Material supplied –
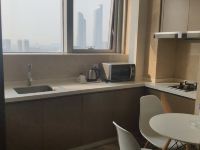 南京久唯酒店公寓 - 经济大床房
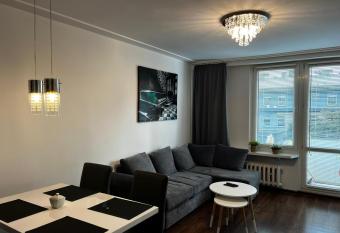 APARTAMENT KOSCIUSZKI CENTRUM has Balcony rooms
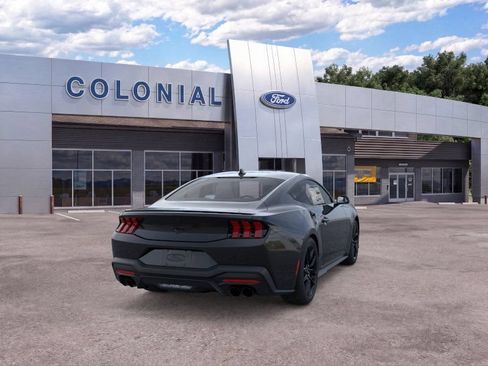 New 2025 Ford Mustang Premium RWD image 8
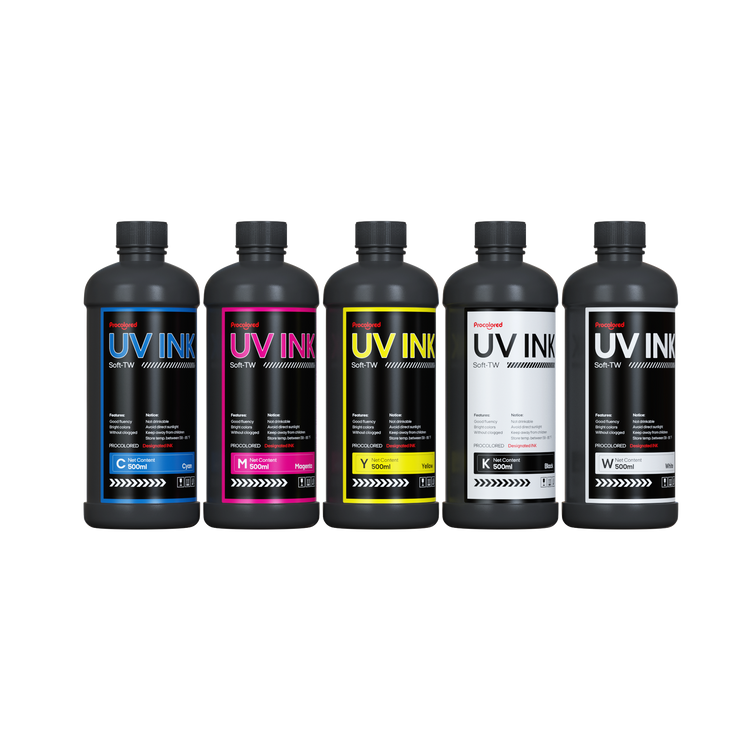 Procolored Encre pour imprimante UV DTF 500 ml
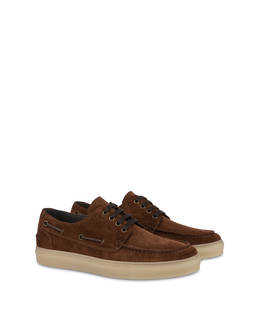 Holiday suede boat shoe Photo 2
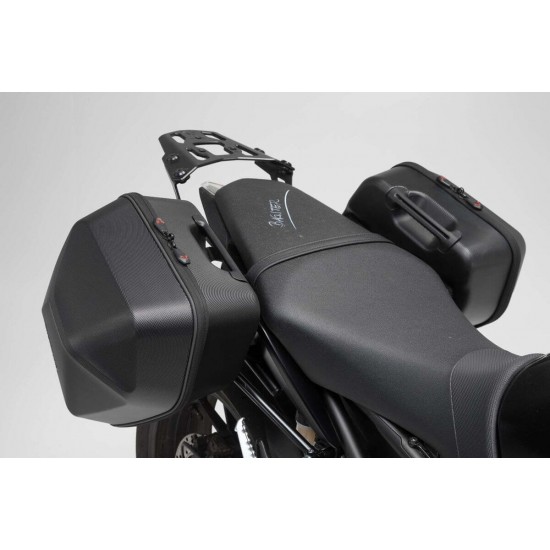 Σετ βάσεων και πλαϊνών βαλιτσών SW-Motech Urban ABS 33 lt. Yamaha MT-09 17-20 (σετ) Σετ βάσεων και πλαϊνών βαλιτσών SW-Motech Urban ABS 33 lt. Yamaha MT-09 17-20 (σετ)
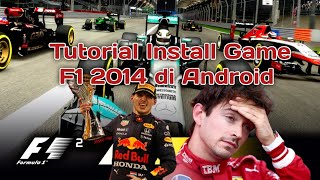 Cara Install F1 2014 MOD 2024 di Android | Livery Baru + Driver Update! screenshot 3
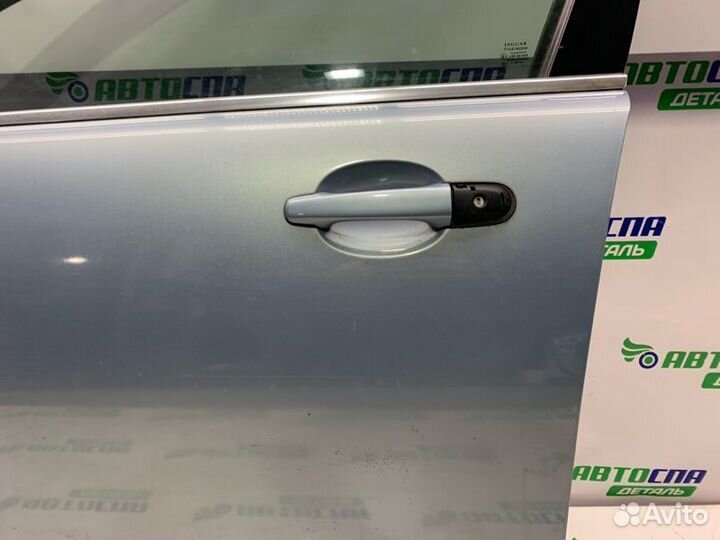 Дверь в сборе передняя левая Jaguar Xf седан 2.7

Exercise details – Exclude the pictures and repeat the entries word for word.

Result of the exercise –
 南京久唯酒店公寓 - 经济大床房
 APARTAMENT KOSCIUSZKI CENTRUM has Balcony rooms
 New 2025 Ford Mustang Premium RWD image 8
 Procolored Encre pour imprimante UV DTF 500 ml
 Holiday suede boat shoe Photo 2
 Σετ βάσεων και πλαϊνών βαλιτσών SW-Motech Urban ABS 33 lt. Yamaha MT-09 17-20 (σετ) Σετ βάσεων και πλαϊνών βαλιτσών SW-Motech Urban ABS 33 lt. Yamaha MT-09 17-20 (σετ)
 Cara Install F1 2014 MOD 2024 di Android | Livery Baru + Driver Update! screenshot 3
 Дверь в сборе передняя левая Jaguar Xf седан 2.7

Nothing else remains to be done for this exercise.